Bien sûr, cela signifie que le Débarquement est pour dans quelques jours, peut-être quelques heures. Mais il ne faut pas céder à ce qui peut être aussi une manœuvre, car aucune négociation n'a abouti à propos de l'administration des territoires libérés.

Il faut convoquer le Gouvernement Provisoire. L'atmosphère est tendue. Les commissaires divisés.

« Ce n'est qu'une machination pour m'amener à prononcer un discours qui fera croire aux Français que je suis d'accord avec les Anglais et les Américains alors qu'en fait je ne le suis pas », dit de Gaulle.

Longs débats. Peut-on être absent alors que le Débarquement a lieu ? On vote. Seuls quatre commissaires sont opposés au voyage.

« Je n'ai pas l'honneur d'avoir la majorité », dit de Gaulle.

Il partira donc pour Londres.

Il n'a pas encore donné sa réponse à Duff Cooper. Jusqu'au bout, il faut soupeser, faire sentir aussi que l'on ne cède pas.

À 10 heures, il reçoit l'ambassadeur britannique.

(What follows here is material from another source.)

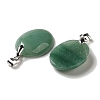 Natural Green Aventurine Pendants G-Z055-03P-02-2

À 11 heures, il serre la main de chacun des membres du gouvernement.

Il se sent ému, grave. Il approche du moment où l'espoir qu'il avait eu en juin 1940 va enfin devenir réalité.

Mais il faut déjà voir au-delà.

« Il faut regarder loin dans l'avenir, celui des relations franco-britanniques, dit-il aux ministres. Il ne faut pas qu'on puisse dire que la France était absente du quartier général dans l'assaut de l'Europe. »

Il ne veut pas qu'un ministre l'accompagne afin de pouvoir refuser à Churchill toute négociation.

Il partira avec quelques proches : Palewski, le général Béthouart, Billotte, ainsi que Geoffroy de Courcel et Teyssot, Hervé Alphand et Soustelle.

En arrivant sur l'aéroport d'Alger-Maison-Blanche, il devine le soulagement de Duff Cooper qui se tient près de l'échelle du York de Churchill.

Puis c'est l'envol, une escale à Casablanca, et l'entrée dans cette grisaille qui couvre la Manche et les îles britanniques.

Il pleut, ce 4 juin au matin, quand de Gaulle regarde par le hublot cette fanfare qui se tient au pied du hangar devant lequel s'immobilise le York. Elle joue La Marseillaise.

Il se souvient de son arrivée ici, le 17 juin 1940. Et dans la voiture qui le conduit vers l'hôtel Claridge, à chaque regard, un souvenir revient. Si longues, ces années de solitude et de combat !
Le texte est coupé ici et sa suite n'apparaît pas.